START Data extract
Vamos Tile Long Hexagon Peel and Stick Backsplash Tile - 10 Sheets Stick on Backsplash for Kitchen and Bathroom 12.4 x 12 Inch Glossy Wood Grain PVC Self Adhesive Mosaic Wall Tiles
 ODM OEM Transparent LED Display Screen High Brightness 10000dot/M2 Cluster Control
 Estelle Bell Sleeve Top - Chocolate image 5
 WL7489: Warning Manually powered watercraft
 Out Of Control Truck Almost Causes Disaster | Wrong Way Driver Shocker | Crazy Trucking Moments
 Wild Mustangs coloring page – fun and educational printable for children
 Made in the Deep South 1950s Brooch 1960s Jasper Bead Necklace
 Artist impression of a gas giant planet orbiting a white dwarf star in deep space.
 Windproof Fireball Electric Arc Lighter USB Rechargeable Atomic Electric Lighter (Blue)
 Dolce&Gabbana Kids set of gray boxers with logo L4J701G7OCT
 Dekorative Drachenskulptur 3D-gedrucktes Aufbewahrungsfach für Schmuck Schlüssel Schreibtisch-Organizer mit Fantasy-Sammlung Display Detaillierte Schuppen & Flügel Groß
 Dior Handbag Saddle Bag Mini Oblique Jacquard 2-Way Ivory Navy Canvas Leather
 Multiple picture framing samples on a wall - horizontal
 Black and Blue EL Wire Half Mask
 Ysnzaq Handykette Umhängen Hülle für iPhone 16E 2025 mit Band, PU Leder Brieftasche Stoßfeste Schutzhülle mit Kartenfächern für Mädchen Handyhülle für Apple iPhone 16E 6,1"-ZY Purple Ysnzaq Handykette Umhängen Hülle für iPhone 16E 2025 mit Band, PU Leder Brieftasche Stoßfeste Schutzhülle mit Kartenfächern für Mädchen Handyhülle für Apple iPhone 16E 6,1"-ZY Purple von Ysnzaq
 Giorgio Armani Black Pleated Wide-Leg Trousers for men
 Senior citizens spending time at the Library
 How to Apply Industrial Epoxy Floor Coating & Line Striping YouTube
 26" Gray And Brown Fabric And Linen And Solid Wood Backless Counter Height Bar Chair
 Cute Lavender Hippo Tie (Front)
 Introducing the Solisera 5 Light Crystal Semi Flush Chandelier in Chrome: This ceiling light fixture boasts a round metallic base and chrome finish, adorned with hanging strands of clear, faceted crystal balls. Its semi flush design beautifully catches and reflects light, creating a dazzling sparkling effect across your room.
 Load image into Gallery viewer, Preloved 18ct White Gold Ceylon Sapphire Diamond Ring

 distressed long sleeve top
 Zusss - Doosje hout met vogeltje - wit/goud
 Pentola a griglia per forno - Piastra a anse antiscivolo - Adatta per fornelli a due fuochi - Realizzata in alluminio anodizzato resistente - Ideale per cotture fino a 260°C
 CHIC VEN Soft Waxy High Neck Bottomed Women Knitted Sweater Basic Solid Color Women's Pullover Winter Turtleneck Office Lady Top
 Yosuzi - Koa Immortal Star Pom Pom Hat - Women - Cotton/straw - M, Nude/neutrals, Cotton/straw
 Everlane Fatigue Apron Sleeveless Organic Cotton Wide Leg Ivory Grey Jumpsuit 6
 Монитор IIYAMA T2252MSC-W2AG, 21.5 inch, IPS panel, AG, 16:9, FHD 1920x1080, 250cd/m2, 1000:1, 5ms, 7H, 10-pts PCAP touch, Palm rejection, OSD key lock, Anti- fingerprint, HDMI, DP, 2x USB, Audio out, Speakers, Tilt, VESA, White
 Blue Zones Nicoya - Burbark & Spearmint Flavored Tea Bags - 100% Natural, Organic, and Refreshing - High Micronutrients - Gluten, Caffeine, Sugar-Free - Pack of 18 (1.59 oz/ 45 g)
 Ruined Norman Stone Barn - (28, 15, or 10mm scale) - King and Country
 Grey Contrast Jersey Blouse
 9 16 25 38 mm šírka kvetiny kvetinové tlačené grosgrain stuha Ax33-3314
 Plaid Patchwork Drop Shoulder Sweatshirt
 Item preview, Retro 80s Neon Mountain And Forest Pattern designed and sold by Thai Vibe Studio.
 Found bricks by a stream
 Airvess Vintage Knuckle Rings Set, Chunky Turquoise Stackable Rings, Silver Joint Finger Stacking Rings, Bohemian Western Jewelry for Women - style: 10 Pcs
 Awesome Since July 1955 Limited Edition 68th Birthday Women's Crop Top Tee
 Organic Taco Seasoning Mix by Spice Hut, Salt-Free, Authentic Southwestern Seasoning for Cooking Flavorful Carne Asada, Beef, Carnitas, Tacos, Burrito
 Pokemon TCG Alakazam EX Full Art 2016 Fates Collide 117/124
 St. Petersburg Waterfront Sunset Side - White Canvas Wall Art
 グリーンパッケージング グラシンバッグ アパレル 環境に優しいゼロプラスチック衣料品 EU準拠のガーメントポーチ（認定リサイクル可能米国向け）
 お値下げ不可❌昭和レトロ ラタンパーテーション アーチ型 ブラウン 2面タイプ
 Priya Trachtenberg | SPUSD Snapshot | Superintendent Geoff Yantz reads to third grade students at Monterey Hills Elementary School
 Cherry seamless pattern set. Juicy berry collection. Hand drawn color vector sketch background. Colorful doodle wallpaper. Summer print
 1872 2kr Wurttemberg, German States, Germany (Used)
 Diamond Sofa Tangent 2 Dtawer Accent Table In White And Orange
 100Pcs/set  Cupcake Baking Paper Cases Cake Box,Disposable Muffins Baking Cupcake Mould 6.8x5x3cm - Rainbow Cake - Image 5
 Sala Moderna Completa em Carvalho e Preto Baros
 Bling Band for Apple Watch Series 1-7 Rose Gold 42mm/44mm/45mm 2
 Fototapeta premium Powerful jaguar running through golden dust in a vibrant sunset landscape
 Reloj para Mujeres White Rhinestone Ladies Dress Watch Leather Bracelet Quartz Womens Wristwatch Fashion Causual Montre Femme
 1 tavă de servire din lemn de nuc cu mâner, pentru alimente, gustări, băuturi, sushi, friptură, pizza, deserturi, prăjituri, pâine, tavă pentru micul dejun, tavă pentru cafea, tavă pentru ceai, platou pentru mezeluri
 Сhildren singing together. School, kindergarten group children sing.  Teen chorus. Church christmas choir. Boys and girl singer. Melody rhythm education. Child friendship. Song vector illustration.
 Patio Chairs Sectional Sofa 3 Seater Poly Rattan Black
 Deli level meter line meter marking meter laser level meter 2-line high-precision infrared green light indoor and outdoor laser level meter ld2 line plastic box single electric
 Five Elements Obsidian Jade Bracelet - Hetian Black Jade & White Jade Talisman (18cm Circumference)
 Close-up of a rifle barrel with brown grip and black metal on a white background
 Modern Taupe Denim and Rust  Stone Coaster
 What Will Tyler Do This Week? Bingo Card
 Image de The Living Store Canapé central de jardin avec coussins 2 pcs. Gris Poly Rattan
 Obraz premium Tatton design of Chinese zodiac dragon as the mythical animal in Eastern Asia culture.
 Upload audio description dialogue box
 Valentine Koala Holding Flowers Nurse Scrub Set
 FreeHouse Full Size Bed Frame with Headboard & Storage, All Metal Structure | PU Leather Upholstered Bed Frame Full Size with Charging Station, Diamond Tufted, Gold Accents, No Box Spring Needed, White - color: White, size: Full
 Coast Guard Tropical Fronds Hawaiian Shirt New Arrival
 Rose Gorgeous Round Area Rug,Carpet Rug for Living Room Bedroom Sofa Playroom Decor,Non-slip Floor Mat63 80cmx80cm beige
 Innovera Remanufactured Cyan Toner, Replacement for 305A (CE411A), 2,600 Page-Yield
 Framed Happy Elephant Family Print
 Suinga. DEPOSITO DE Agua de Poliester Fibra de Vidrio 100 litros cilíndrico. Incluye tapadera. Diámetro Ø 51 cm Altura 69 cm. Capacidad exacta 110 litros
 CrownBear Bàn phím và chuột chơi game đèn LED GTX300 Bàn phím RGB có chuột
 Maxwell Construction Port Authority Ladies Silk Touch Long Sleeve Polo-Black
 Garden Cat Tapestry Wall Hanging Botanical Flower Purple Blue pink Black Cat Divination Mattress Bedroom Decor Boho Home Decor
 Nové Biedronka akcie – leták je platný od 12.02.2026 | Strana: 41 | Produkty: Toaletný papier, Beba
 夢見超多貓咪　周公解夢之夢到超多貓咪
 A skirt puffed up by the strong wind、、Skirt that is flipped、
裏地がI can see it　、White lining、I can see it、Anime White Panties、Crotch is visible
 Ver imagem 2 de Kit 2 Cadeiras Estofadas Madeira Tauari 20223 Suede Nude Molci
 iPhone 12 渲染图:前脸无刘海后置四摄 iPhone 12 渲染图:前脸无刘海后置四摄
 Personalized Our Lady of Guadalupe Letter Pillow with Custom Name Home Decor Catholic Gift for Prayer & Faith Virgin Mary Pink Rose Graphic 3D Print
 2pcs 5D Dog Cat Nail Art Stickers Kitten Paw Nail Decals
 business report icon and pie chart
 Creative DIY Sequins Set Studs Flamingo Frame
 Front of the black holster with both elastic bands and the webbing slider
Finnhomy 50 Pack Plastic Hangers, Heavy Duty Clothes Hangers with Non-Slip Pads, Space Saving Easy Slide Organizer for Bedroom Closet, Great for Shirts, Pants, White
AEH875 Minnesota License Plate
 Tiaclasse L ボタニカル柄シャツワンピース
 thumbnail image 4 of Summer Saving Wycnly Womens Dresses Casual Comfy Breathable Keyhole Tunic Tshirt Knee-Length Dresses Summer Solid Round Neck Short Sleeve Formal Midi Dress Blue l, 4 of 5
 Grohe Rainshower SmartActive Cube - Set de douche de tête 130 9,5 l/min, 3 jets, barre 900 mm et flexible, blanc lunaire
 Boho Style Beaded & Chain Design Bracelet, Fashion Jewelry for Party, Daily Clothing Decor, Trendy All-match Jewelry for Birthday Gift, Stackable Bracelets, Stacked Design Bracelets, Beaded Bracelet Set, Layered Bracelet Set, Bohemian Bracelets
END Data extract
Task brief ::
Find every line of the data that includes the string "Organic". Copy each of those lines.

Answer to this problem ::
 Everlane Fatigue Apron Sleeveless Organic Cotton Wide Leg Ivory Grey Jumpsuit 6
 Blue Zones Nicoya - Burbark & Spearmint Flavored Tea Bags - 100% Natural, Organic, and Refreshing - High Micronutrients - Gluten, Caffeine, Sugar-Free - Pack of 18 (1.59 oz/ 45 g)
 Organic Taco Seasoning Mix by Spice Hut, Salt-Free, Authentic Southwestern Seasoning for Cooking Flavorful Carne Asada, Beef, Carnitas, Tacos, Burrito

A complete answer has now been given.